* INSTRUCTIONS TO FOLLOW:
What appears from the line containing "بازارچه خیریه دبیرستان الزهرا گله دار" to the end of the listing below should be copied exactly, with no other lines.

* SOURCE RECORDS:
====

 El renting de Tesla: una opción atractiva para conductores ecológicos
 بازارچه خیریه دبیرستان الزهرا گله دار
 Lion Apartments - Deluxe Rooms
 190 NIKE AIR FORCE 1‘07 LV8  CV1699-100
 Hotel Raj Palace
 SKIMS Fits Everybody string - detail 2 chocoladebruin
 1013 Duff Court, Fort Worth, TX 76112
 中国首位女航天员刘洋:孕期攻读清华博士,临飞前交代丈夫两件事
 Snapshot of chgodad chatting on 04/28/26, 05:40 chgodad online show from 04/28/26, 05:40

====

* OUTPUT OF THE TASK:
 بازارچه خیریه دبیرستان الزهرا گله دار
 Lion Apartments - Deluxe Rooms
 190 NIKE AIR FORCE 1‘07 LV8  CV1699-100
 Hotel Raj Palace
 SKIMS Fits Everybody string - detail 2 chocoladebruin
 1013 Duff Court, Fort Worth, TX 76112
 中国首位女航天员刘洋:孕期攻读清华博士,临飞前交代丈夫两件事
 Snapshot of chgodad chatting on 04/28/26, 05:40 chgodad online show from 04/28/26, 05:40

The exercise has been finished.